Stranger (The), the count Waldbourg. He married Adelaide at the age of 16; she had two children by him, and then eloped. The count, deserted by his young wife, lived a roving life, known only as “The Stranger;” and his wife, repenting of her folly, under the assumed name of Mrs. Haller, entered the service of the countess Wintersen, whose affection she secured. In three years’ time, “the stranger” came by accident into the same neighbourhood, and a reconciliation took place.

His servant Francis says he is “a good master, though one almost loses the use of speech by living with him. A man kind and dear, though I cannot understand him. He rails against the whole world, and yet no beggar leaves his door unsatisfied. I have now lived three years with him, and yet I know not who he is. A hater of society, no doubt … [with] misanthropy in the head, not in the heart.”—B. Thompson: The Stranger, i. 1 (1797).

(This drama is altered from Kotzebue.)

Mrs. R. Trench says of John P. Kemble (1757–1823)—

I always saw him with pain descend to “The Stranger.” It was like the genius in the Arabian tale going into the vase. First, it seemed so unlikely he should meet with such an affront, and this injured the probability of the piece; and next, “The Stranger” is really never dignified, and one is always in pain for him, poor gentleman !—Remains (1822).

Strangford (Percy Clinton Sydney Smythe, viscount), in 1803, published a translation of the poems of Camoëns, the great Portuguese poet.

Hibernian Strangford …
Thinkst thou to gain thy verse a higher place
By dressing Camoëns in a suit of lace?
Cease to deceive; thy pilfered harp restore,
Nor teach the Lusian bard to copy Moore.

Byron: English Bards and Scotch Reviewers (1809).

Strap (Hugh), a simple, generous, and disinterested adherent of Roderick Random. His generosity and fidelity, however, meet with but a base return from the heartless libertine.—Smollett: Roderick Random (1748).

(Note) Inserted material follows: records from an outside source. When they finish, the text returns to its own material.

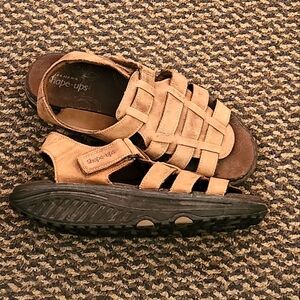 Skechers Shape-Ups NWOT 8.5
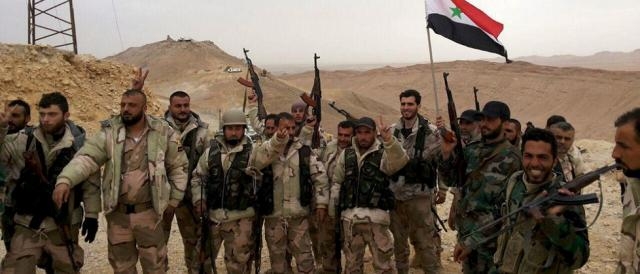 Militari siriani in festa dopo la presa di Palmira, un'immagine dello scorso marzo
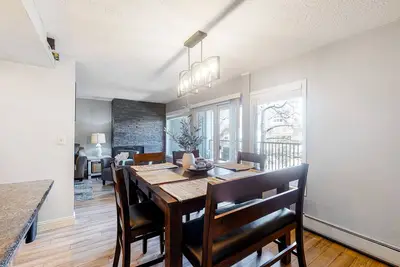 Image de Modern Waterfront Condo w/ Mountain View, W/D, & High Speed WiFi - Near Skiing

We believe there are few readers who are not disgusted with the miserable reward assigned to Strap in the closing chapter of the novel. Five hundred pounds (scarce the value of the goods he had presented to his master) and the hand of a reclaimed street-walker, even when added to a Highland farm, seem but a poor recompense for his faithful and disinterested attachment.—Sir W. Scott.


  By PanEris using Melati.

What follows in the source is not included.